Apindo Jabar Nilai Pengesahan RUU KIA Berpotensi Menambah Beban di Dunia Usaha

Ning Wahyu Astutik
Sumber :
  • Istimewa

  1. APINDO Jabar mendukung upaya pemerintah dalam menjamin kesejahteraan ibu dan anak, terutama pada 1.000 hari pertama kehidupan. Hal ini sejalan dengan program APINDO Nasional dalam berpatisipasi menurunkan prevalensi stunting.
  2. Pengusaha memerlukan kejelasan mengenai indikator “kondisi khusus” yang tertera pada Undang-Undang tersebut agar tidak multitafsir dalam penerapannya, termasuk di dalamnya pengaturan tentang dokter spesialis yang menjadi rujukan bagi Ibu hamil atau melahirkan.
  3. UU KIA FHKP berpotensi menambah beban baru bagi dunia usaha, khususnya yang masih dalam skala kecil, di mana perusahaan diwajibkan untuk membayarkan gaji pekerja yang cuti hamil secara penuh di empat bulan pertama kemudian 75% gaji untuk bulan kelima dan keenam. Selain itu, perusahaan mungkin perlu merekrut dan melatih pekerja baru untuk menggantikan pekerja yang sedang cuti, yang dapat menimbulkan biaya tambahan.
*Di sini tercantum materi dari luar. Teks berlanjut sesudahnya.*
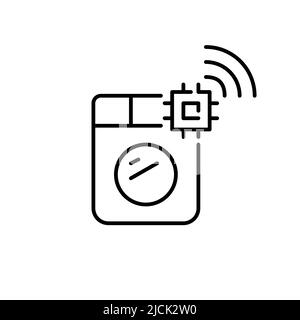 Washing machine CPU chip. Pixel perfect, editable stroke line icon Stock Vector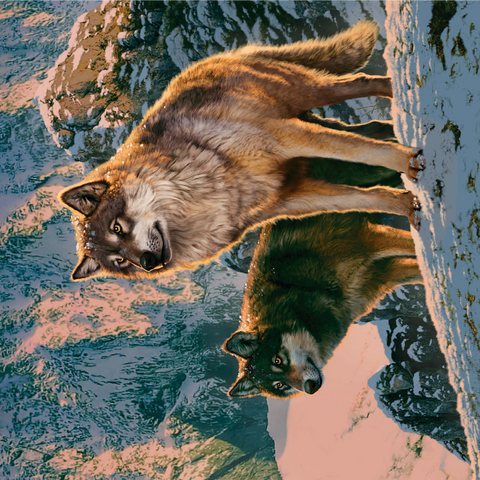 Wolf Couple in Sunset - Vincent Hie 1000 Jigsaw Puzzle 3D Modell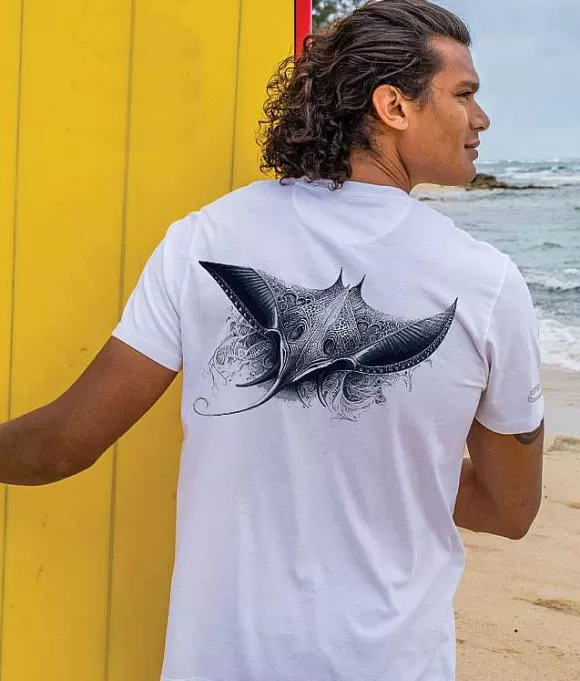 T-Shirts>Crazy Shirts Tribal Manta Ray - White Short Sleeve Pima T-Shirt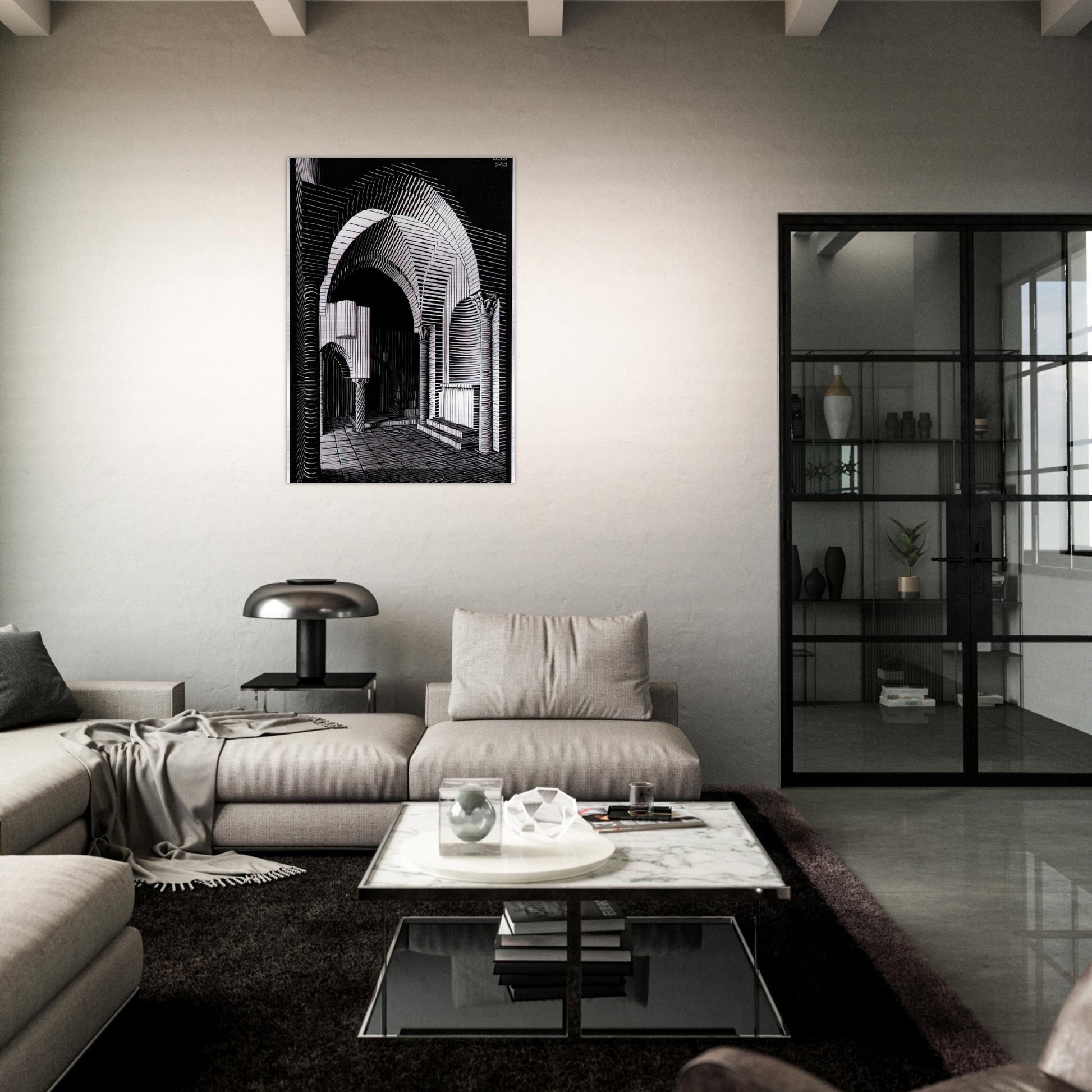 PORTA MARIA DELL OSPIDALE - MC Escher Brushed Aluminum Print - 70x100 cm / 28x40 inches | MC Escher Aluminum Print | MC Escher Prints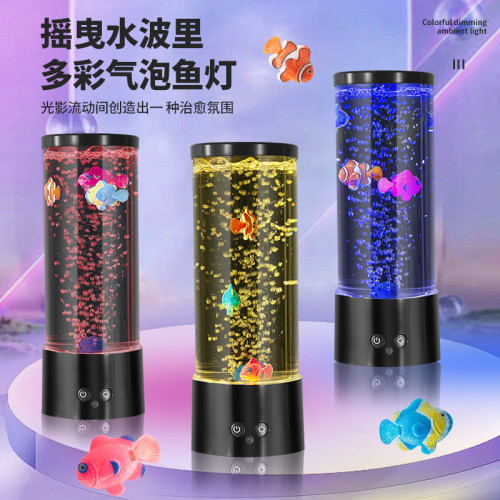 氣泡魚燈LED高亮USB小夜燈創意兒童房臥室擺件水母燈聖誕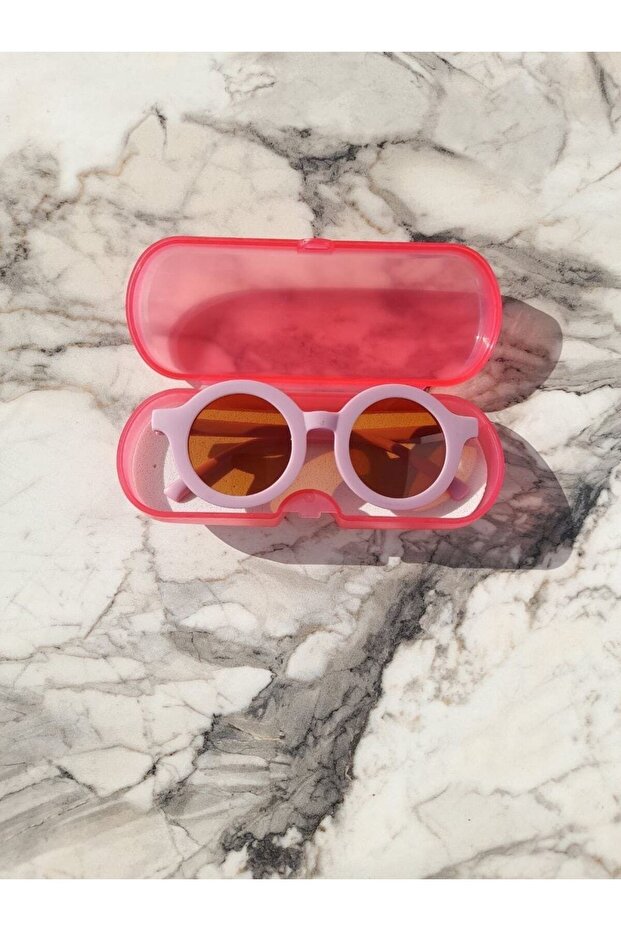 UV 400 Protected Children's Glasses and Glasses Box Rose Gold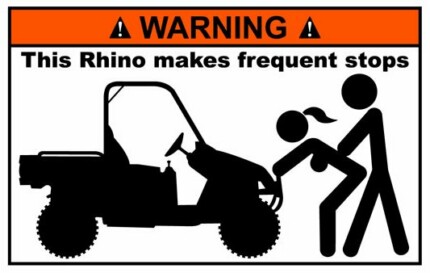 Rhino Funny Warning Sticker 4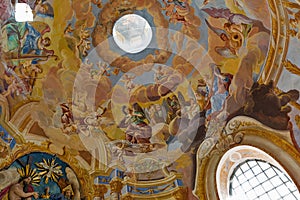 Fresco in the middle church of Calvary. Banska Stiavnica, Slovakia.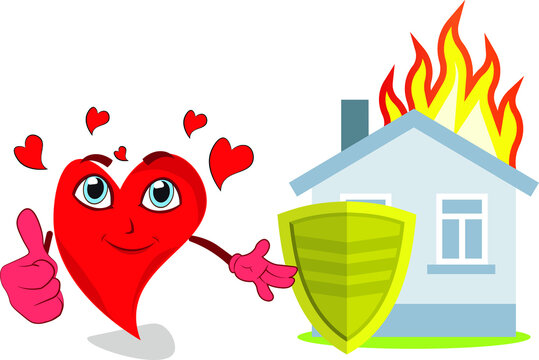 property insurance happy funny character love heart house with protection coverage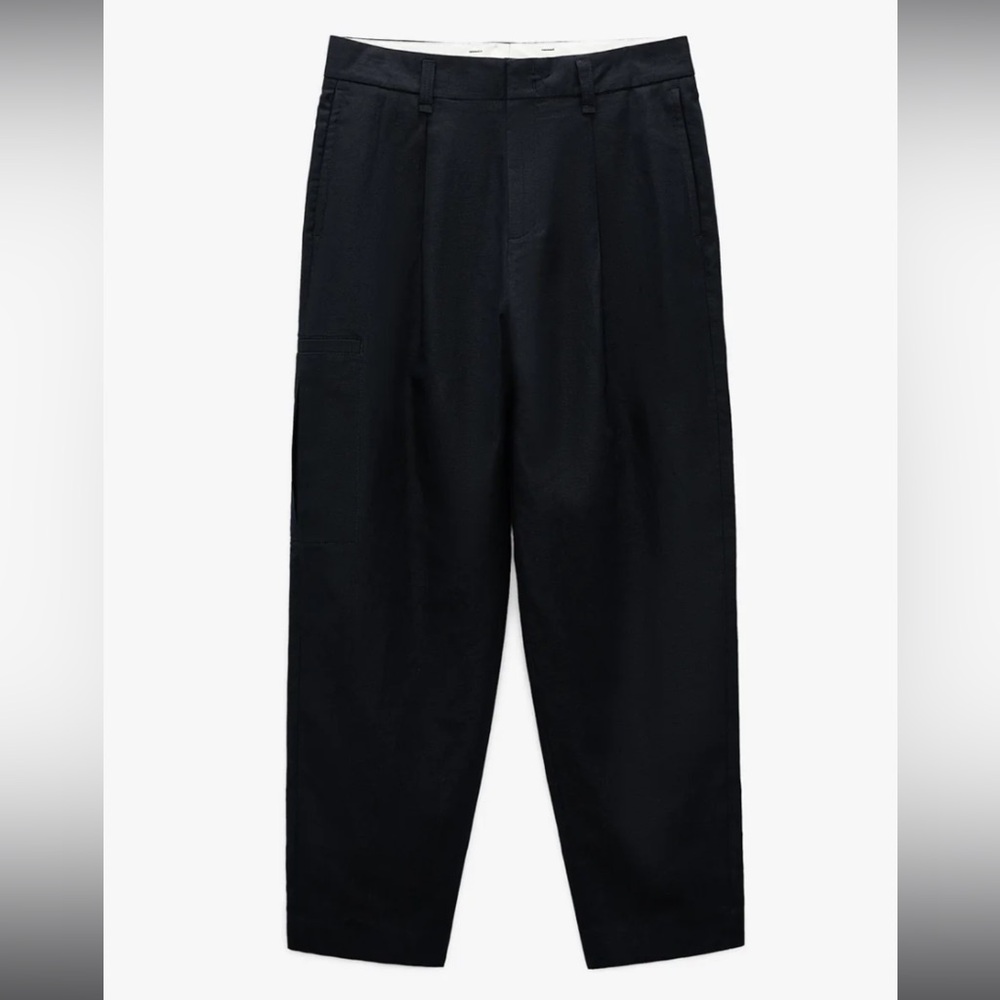 Zara Black Pleated Linen Pants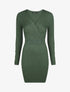 Robe unie moulante col cache-coeur - Vert - 1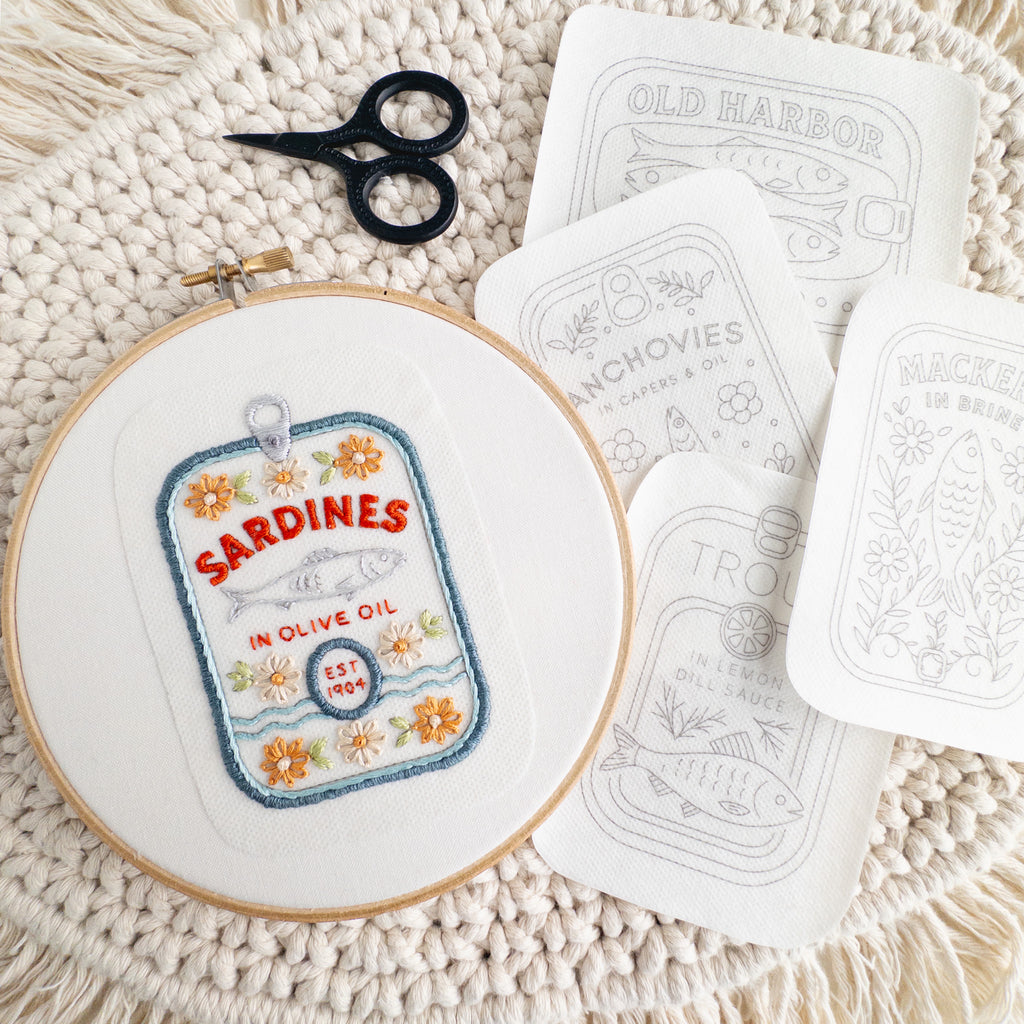 Tinned Fish Embroidery Stick and Stitch Patterns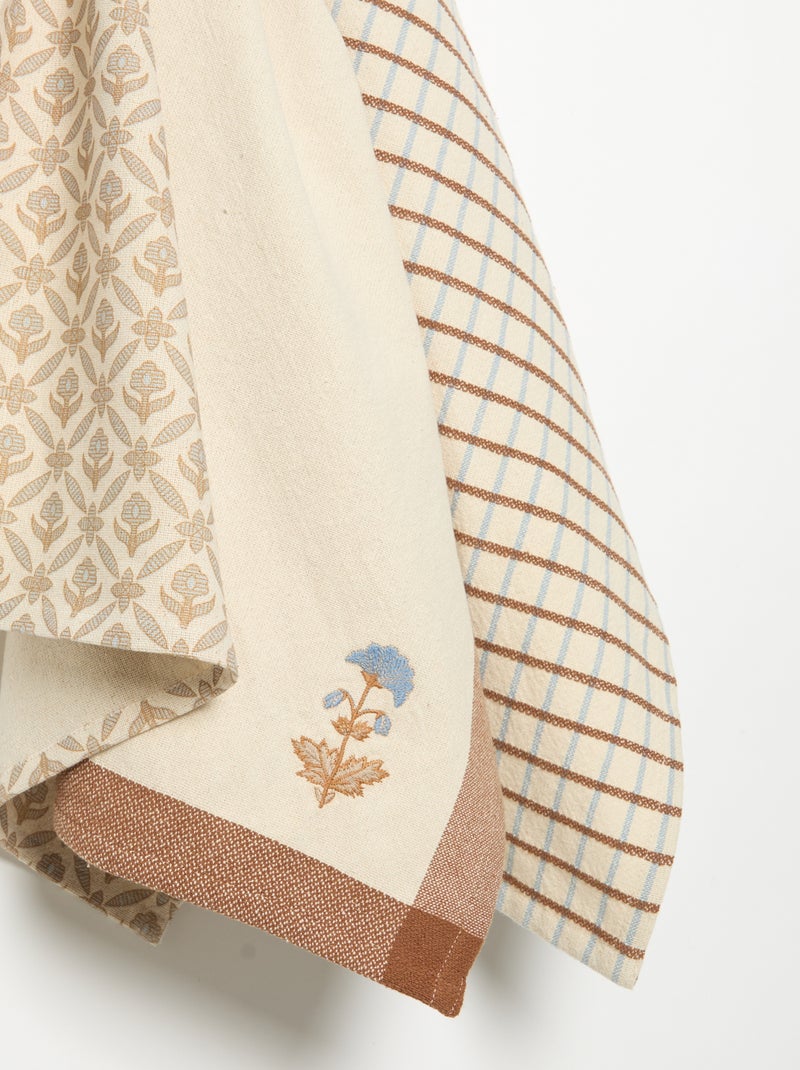 Set of 3 Tea Towels Blue - Kiabi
  4. APINDO Jabar berpandangan bahwa UU KIA FHKP dapat berdampak pada produktivitas tenaga kerja, baik nasional maupun di Jabar. Indonesia saat ini masih menghadapi masalah rendahnya tingkat produktivitas di mana berdasarkan Human Capital Index tahun 2022, Indonesia berada di peringkat 96 dari 174 negara. Sedangkan secara nasional, berdasarkan data BPS tingkat produktivitas Jabar pada 2022 sangat rendah, yakni peringkat ke-22 dari seluruh provinsi di Indonesia. Selain itu, Tingkat Partispasi Angkatan Kerja (TPAK) Jabar juga masih rendah, di mana pada 2023 TPAK Perempuan 47,98% yang jauh lebih kecil dari pada laki-laki yang mencapai angka 84,63%. Disahkannya Undang-Undang ini dikhawatirkan memperkecil kesempatan bagi perempuan untuk bekerja dikarenakan dapat menurunkan tingkat produktivitas pada perusahaan.
  5. APINDO Jabar berpandangan bahwa dibutuhkan dialog sosial yang efektif antara pekerja dan pengusaha sehingga tetap tercipta perlindungan pekerja perempuan dan juga keberlangsungan dunia usaha, serta kebijakan mengenai cuti hamil / melahirkan yang sudah disepakati di dalam Peraturan Perusahaan (PP) / Peraturan Kerja Bersama (PKB) di perusahaan masing-masing agar tetap menjadi acuan bersama sepanjang belum diubah.